• [Exercise inputs]:
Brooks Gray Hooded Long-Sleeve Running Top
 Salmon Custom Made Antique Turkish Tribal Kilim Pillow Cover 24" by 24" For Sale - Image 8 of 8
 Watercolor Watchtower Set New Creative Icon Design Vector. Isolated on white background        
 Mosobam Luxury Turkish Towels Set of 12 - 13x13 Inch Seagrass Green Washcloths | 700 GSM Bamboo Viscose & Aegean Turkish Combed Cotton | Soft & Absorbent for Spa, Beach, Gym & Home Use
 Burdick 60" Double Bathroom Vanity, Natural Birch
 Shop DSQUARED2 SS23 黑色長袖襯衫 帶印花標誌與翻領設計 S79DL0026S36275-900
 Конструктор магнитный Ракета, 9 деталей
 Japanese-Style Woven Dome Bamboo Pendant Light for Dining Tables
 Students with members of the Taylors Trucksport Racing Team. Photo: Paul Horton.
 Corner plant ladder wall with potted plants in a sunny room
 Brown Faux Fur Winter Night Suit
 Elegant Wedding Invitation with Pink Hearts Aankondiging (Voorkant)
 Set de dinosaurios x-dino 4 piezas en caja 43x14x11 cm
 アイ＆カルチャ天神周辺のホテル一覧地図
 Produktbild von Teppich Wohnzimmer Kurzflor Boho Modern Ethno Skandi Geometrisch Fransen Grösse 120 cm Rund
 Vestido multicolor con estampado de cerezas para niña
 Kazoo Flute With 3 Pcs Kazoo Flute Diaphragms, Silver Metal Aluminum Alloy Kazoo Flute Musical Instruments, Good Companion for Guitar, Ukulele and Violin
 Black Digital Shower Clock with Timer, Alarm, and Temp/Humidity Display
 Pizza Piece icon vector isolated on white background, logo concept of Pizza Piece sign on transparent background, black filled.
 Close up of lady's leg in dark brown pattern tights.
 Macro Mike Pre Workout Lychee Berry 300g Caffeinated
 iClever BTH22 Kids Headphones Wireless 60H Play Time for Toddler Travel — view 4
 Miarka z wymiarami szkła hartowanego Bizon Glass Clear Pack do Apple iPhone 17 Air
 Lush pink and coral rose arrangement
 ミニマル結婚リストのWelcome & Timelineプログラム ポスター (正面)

• [Work order]:
Copy exactly the lines from the one with "Elegant Wedding Invitation" down to the last line of the records above, and leave out everything else.

• [Exercise result]:
 Elegant Wedding Invitation with Pink Hearts Aankondiging (Voorkant)
 Set de dinosaurios x-dino 4 piezas en caja 43x14x11 cm
 アイ＆カルチャ天神周辺のホテル一覧地図
 Produktbild von Teppich Wohnzimmer Kurzflor Boho Modern Ethno Skandi Geometrisch Fransen Grösse 120 cm Rund
 Vestido multicolor con estampado de cerezas para niña
 Kazoo Flute With 3 Pcs Kazoo Flute Diaphragms, Silver Metal Aluminum Alloy Kazoo Flute Musical Instruments, Good Companion for Guitar, Ukulele and Violin
 Black Digital Shower Clock with Timer, Alarm, and Temp/Humidity Display
 Pizza Piece icon vector isolated on white background, logo concept of Pizza Piece sign on transparent background, black filled.
 Close up of lady's leg in dark brown pattern tights.
 Macro Mike Pre Workout Lychee Berry 300g Caffeinated
 iClever BTH22 Kids Headphones Wireless 60H Play Time for Toddler Travel — view 4
 Miarka z wymiarami szkła hartowanego Bizon Glass Clear Pack do Apple iPhone 17 Air
 Lush pink and coral rose arrangement
 ミニマル結婚リストのWelcome & Timelineプログラム ポスター (正面)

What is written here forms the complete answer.